Prompt: Copy, word for word, the lines of the entries below between the one with "sad-looking-puppy-needs-home" and the one with "обслуживаемая база: BYD E2: 2025 г. — 1", inclusive, and leave out everything else.

=-=-=-=-=

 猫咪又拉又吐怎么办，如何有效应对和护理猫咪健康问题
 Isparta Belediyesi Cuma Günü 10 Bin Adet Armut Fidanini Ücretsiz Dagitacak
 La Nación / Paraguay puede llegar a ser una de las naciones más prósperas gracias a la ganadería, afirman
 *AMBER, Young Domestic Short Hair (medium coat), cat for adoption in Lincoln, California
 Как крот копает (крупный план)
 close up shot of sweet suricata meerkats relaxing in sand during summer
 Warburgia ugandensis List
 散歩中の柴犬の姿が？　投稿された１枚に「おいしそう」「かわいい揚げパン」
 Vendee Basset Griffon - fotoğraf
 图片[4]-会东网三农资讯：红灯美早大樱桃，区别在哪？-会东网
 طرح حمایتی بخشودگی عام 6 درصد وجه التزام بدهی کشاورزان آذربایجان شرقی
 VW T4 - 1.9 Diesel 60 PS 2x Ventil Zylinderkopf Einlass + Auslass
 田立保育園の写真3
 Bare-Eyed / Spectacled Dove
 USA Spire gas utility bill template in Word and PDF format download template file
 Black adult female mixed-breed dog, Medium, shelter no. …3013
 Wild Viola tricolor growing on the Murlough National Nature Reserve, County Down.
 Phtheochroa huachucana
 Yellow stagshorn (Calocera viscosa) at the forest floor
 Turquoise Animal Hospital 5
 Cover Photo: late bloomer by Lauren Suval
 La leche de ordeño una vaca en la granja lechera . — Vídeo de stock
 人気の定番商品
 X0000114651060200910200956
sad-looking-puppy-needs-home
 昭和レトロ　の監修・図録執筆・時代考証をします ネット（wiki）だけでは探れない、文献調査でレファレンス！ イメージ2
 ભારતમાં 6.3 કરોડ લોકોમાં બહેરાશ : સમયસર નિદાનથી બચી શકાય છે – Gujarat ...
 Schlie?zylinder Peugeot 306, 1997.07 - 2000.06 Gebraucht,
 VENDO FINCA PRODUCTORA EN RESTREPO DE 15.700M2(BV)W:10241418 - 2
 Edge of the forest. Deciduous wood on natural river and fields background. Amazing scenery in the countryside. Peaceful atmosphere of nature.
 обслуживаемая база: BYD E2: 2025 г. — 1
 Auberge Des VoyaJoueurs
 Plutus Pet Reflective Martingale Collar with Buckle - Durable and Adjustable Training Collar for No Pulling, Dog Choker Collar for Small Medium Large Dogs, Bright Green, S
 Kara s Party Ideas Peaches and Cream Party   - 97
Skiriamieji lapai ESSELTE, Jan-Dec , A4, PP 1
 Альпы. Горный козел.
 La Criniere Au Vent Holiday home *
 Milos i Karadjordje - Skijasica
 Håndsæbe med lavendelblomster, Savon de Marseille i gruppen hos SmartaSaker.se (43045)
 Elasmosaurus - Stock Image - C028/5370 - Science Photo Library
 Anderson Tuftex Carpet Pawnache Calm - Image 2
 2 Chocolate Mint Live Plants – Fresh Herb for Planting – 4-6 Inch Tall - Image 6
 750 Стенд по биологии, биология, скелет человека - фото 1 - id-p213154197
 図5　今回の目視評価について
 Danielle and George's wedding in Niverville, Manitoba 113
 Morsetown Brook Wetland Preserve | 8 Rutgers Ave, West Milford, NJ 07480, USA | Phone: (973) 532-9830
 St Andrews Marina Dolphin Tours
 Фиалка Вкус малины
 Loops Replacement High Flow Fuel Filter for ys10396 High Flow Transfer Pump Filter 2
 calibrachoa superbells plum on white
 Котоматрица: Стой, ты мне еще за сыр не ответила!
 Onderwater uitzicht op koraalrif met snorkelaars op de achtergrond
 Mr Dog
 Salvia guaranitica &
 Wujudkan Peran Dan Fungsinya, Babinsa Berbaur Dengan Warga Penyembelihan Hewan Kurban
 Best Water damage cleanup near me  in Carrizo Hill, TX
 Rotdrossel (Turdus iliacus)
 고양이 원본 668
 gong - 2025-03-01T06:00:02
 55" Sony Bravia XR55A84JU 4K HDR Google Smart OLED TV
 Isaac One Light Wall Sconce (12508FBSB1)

=-=-=-=-=

Problem solution:
sad-looking-puppy-needs-home
 昭和レトロ　の監修・図録執筆・時代考証をします ネット（wiki）だけでは探れない、文献調査でレファレンス！ イメージ2
 ભારતમાં 6.3 કરોડ લોકોમાં બહેરાશ : સમયસર નિદાનથી બચી શકાય છે – Gujarat ...
 Schlie?zylinder Peugeot 306, 1997.07 - 2000.06 Gebraucht,
 VENDO FINCA PRODUCTORA EN RESTREPO DE 15.700M2(BV)W:10241418 - 2
 Edge of the forest. Deciduous wood on natural river and fields background. Amazing scenery in the countryside. Peaceful atmosphere of nature.
 обслуживаемая база: BYD E2: 2025 г. — 1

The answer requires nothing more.